Thanks to the premise, there are also a lot of thought-provoking questions raised surrounding the nature of memory and the difference between reality and dreams. While Verhoeven’s trademarks as an auteur (namely his quirky combinations of violence, sex, comedy, and satire) and Arnold Schwarzenegger’s acting abilities aren’t for everyone, they certainly provided us with a memorable film here. Total Recall is, if nothing else, unique and fun.
An erotic thriller featuring Michael Douglas and Sharon Stone, Basic Instinct (1992) is a film that most people are well aware of, even if they haven’t seen it. As is often the case with Paul Verhoeven, the reason this film needs no introduction is because of the controversy surrounding it. Basic Instinct has become famous for a scene in which Sharon Stone crosses her legs and her vulva is briefly shown, a controversy made even more questionable by the fact that Stone claims she was misled about that scene and was not aware anything was going to be visible. Stone and Verhoeven are on good terms however, and Stone has said she felt Verhoeven made the right decision, so it isn’t entirely clear as to what happened.
There was also controversy surrounding Basic Instinct because of the graphic sexuality and violence, but especially because of the portrayal of gay and lesbian characters in the film being cast as villains. There were protests from parts of the LGBTQ+ community at the time of its release, but opinions have since been re-evaluated. While some still think it features harmful portrayals, others believe that it is merely a satire (which is credible considering it’s a Verhoeven film) and point out that Catherine’s bisexuality is not the source of her deviance, but is actually portrayed positively and as a source of her power.
Perhaps Verhoeven’s most famous film, RoboCop is another over-the-top science fiction action flick. In future Detroit, where crime levels are at an all-time high, police officer Alex Murphy is murdered by a gang of criminals and left for dead. Thanks to the evil corporation Omni Consumer Products, however, he is brought back as RoboCop, a human/machine hybrid with little memory of his past life whose only job is to fight crime.

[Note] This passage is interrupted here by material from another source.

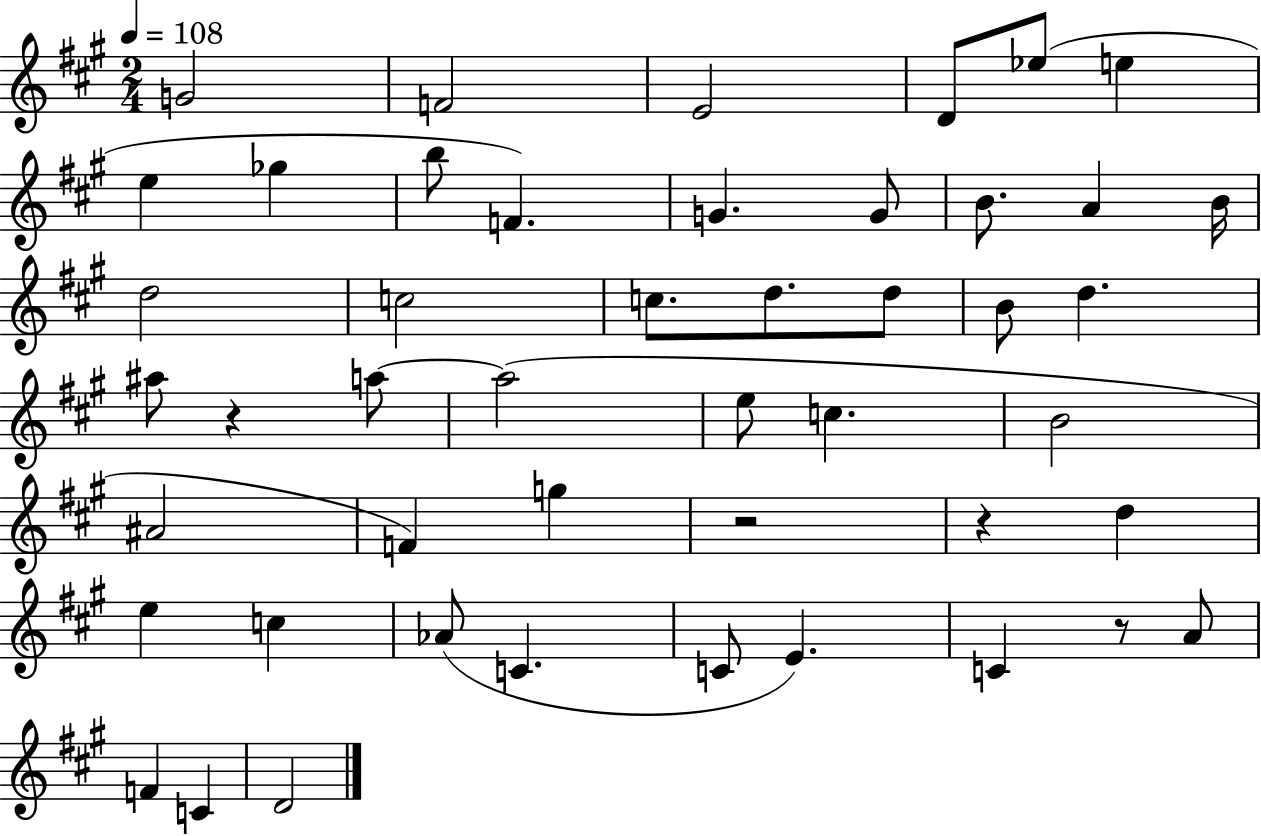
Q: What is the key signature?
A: A major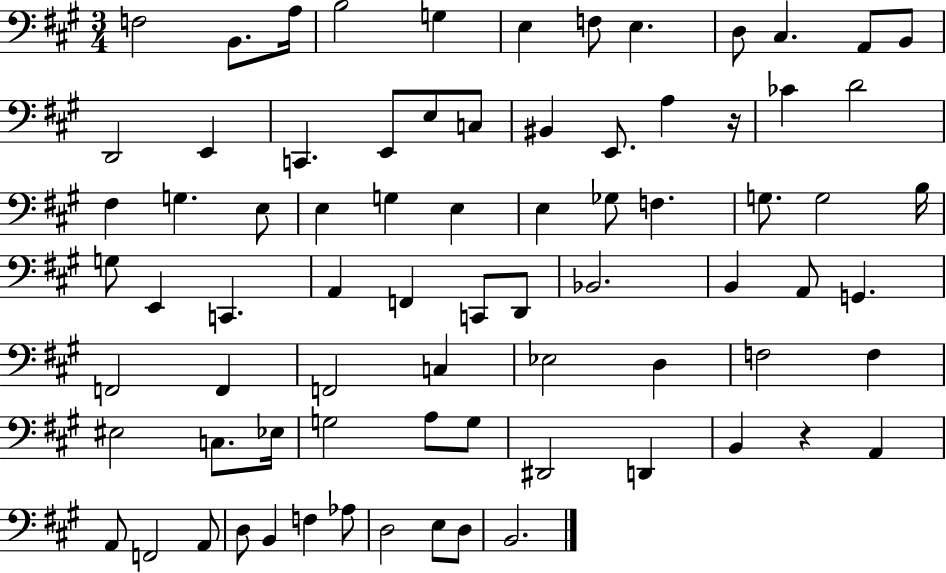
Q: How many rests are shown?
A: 2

It’s just as cheesy as it sounds, but that is offset massively by the excessive violence on display. In the first half hour we witness the protagonist brutally murdered in a drawn-out scene where they practically torture him before escaping capture. The over-the-top nature of RoboCop also works in its favour when it comes to the themes. The first death we witness is that of a corporate executive being brutally shot by a prototype crime fighter robot. Mere moments after he is killed, his blood pouring over the floor of the meeting room atop a skyscraper, the CEO begins muttering about interest rates and costs, barely acknowledging the gruesome scene beside him.
Satire is what Verhoeven is best at, and RoboCop is the classic combination of excessive violence, comedy, and satire that he is known for cranked up to one hundred and ten percent. While there is somewhat of a bid for pathos in RoboCop’s storyline, surrounding his lingering humanity and remaining memory fragments, it doesn’t really register, which may be the film's only real flaw.